IAN S. FORRESTER and CHRISTOPHER NORALL
It is likely that 1990 will be regarded as a watershed year in the history of EC competition law, in that from 21 September the Commission had the duty of passing upon the legality of major mergers. This was indeed a most important development, but 1990 was significant in other respects as well, in that at the end of the year it was possible to detect a new set of enforcement priorities which are significantly different to what could be called the traditional topics of competition enforcement in the Community.
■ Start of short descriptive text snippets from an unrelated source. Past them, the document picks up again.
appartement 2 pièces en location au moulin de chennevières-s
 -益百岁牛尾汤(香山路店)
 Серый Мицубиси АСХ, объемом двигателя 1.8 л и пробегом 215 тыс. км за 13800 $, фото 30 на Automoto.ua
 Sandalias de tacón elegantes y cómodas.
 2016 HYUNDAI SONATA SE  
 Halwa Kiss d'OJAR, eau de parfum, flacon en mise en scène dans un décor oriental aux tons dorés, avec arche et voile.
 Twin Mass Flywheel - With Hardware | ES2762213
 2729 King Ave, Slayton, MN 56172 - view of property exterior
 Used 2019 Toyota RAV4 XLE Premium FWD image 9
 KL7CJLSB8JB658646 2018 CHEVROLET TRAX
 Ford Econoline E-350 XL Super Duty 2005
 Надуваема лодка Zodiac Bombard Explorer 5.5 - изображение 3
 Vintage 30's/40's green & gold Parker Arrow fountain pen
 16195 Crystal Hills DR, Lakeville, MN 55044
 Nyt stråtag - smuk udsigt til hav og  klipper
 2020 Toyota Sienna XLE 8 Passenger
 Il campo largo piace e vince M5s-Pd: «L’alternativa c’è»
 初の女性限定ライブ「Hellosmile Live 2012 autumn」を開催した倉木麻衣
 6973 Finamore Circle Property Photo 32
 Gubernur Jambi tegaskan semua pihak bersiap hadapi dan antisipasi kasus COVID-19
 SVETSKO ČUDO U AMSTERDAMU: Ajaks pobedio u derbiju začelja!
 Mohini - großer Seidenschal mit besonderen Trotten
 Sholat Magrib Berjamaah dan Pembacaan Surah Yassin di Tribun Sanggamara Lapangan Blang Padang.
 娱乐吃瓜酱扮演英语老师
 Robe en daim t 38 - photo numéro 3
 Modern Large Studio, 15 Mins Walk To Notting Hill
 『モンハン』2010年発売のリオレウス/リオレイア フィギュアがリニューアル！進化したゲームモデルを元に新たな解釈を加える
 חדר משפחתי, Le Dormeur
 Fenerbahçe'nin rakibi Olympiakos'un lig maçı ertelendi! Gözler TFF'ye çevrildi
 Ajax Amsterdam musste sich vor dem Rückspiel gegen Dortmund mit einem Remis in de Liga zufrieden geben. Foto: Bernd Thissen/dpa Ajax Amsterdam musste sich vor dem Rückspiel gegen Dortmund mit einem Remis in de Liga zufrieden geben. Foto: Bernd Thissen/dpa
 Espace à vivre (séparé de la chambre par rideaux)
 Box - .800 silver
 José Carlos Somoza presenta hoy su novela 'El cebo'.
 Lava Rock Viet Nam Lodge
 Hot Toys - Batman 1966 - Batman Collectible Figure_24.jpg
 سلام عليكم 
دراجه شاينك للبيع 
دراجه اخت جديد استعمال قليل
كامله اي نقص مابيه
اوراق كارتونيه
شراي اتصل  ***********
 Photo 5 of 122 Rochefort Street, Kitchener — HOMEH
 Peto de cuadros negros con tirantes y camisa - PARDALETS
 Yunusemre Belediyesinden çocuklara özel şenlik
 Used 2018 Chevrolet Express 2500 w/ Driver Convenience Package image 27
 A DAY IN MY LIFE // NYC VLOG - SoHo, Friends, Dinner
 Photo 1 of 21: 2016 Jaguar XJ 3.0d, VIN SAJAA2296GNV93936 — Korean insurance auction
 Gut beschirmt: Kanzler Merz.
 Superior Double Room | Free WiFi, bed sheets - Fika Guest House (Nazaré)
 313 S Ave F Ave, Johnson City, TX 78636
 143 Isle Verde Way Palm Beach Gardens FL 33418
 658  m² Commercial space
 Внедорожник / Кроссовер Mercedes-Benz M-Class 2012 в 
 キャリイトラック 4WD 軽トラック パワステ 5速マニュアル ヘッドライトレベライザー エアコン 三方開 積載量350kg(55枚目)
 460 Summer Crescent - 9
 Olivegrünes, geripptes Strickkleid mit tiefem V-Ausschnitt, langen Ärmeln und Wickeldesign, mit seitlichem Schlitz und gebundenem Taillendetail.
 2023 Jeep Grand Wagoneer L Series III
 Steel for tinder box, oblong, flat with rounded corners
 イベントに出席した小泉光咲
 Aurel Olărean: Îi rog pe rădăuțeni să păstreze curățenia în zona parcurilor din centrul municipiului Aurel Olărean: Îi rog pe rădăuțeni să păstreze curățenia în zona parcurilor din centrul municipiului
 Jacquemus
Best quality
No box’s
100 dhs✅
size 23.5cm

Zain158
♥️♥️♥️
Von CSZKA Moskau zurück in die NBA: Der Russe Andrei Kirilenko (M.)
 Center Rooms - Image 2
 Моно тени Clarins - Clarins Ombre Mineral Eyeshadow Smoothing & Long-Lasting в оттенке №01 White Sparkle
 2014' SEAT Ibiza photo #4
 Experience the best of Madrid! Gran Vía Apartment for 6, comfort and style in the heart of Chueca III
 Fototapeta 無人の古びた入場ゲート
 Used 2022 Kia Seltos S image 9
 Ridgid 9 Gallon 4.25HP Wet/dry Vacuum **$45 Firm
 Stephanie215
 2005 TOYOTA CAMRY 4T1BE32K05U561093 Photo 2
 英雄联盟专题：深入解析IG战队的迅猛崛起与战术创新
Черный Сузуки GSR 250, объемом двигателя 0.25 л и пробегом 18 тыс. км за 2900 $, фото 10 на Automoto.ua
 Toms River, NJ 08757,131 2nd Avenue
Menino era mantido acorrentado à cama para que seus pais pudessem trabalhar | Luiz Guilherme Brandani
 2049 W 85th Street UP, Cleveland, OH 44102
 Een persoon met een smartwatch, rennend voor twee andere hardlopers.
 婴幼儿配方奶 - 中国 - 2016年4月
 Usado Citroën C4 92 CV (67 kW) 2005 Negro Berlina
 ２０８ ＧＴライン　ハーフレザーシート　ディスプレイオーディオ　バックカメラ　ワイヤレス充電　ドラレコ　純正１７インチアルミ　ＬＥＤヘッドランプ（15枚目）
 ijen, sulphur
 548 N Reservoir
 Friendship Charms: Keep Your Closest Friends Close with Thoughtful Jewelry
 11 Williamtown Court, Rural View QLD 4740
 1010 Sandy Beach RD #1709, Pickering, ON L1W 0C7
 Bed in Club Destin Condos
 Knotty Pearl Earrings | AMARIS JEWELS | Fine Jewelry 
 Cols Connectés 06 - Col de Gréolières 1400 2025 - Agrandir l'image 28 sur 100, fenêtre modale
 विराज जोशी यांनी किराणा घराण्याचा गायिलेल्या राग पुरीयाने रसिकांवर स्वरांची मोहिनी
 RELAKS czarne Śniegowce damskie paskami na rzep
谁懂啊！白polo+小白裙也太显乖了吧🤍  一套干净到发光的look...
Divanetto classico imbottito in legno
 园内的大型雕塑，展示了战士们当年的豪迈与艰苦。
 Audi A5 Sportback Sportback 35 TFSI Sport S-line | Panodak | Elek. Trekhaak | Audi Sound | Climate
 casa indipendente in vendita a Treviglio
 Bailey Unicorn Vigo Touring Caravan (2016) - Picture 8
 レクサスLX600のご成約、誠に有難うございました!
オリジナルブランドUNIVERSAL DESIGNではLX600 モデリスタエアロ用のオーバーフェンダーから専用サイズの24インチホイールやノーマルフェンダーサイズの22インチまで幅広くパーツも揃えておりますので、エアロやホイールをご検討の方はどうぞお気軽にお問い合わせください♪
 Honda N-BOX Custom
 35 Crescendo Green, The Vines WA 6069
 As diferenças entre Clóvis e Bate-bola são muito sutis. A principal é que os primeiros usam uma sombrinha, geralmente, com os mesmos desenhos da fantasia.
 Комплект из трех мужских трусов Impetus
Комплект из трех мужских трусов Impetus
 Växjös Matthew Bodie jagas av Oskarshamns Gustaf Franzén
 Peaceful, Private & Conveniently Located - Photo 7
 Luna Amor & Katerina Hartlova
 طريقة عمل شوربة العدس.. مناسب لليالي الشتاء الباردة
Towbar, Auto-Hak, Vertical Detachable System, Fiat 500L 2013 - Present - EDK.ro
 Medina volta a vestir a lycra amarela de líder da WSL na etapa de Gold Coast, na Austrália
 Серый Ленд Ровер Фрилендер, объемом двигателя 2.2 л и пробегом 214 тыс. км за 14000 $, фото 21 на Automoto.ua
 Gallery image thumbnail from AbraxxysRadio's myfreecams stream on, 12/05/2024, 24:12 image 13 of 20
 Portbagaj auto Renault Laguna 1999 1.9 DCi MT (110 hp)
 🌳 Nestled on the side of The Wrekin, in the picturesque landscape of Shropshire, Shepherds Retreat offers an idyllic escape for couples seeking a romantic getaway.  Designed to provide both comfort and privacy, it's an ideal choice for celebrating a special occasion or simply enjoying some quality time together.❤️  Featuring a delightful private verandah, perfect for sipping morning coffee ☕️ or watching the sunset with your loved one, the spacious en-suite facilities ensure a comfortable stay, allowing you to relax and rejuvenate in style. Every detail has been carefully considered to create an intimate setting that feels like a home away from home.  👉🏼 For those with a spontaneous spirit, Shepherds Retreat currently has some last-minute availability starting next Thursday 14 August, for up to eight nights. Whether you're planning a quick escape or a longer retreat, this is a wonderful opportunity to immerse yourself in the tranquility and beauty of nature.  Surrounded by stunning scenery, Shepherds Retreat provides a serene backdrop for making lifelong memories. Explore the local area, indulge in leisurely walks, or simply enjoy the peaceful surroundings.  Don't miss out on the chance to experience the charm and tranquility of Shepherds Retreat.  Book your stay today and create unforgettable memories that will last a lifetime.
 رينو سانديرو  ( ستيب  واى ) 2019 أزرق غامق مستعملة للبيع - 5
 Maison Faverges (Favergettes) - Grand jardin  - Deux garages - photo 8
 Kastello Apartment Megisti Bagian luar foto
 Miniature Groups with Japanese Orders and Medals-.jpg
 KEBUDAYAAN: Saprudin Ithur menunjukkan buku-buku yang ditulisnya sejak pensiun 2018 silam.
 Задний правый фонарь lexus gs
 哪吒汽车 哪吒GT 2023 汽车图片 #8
Competition law at the end of the 1980s could be said to operate on two wavelengths. The first, more familiar, rather consistent, slow-moving, and stable, relates to the classic preoccupations of competition law enforcers from 1962 to 1985, namely distribution, parallel trade, vertical licensing of industrial property rights, occasional dramas concerning the abuse of monopoly power, and occasional trust-busting investigation of price fixing cartels in mature industries. The second topic is less easy to delineate and has greater potency for the future: how to make Community industry more competitive.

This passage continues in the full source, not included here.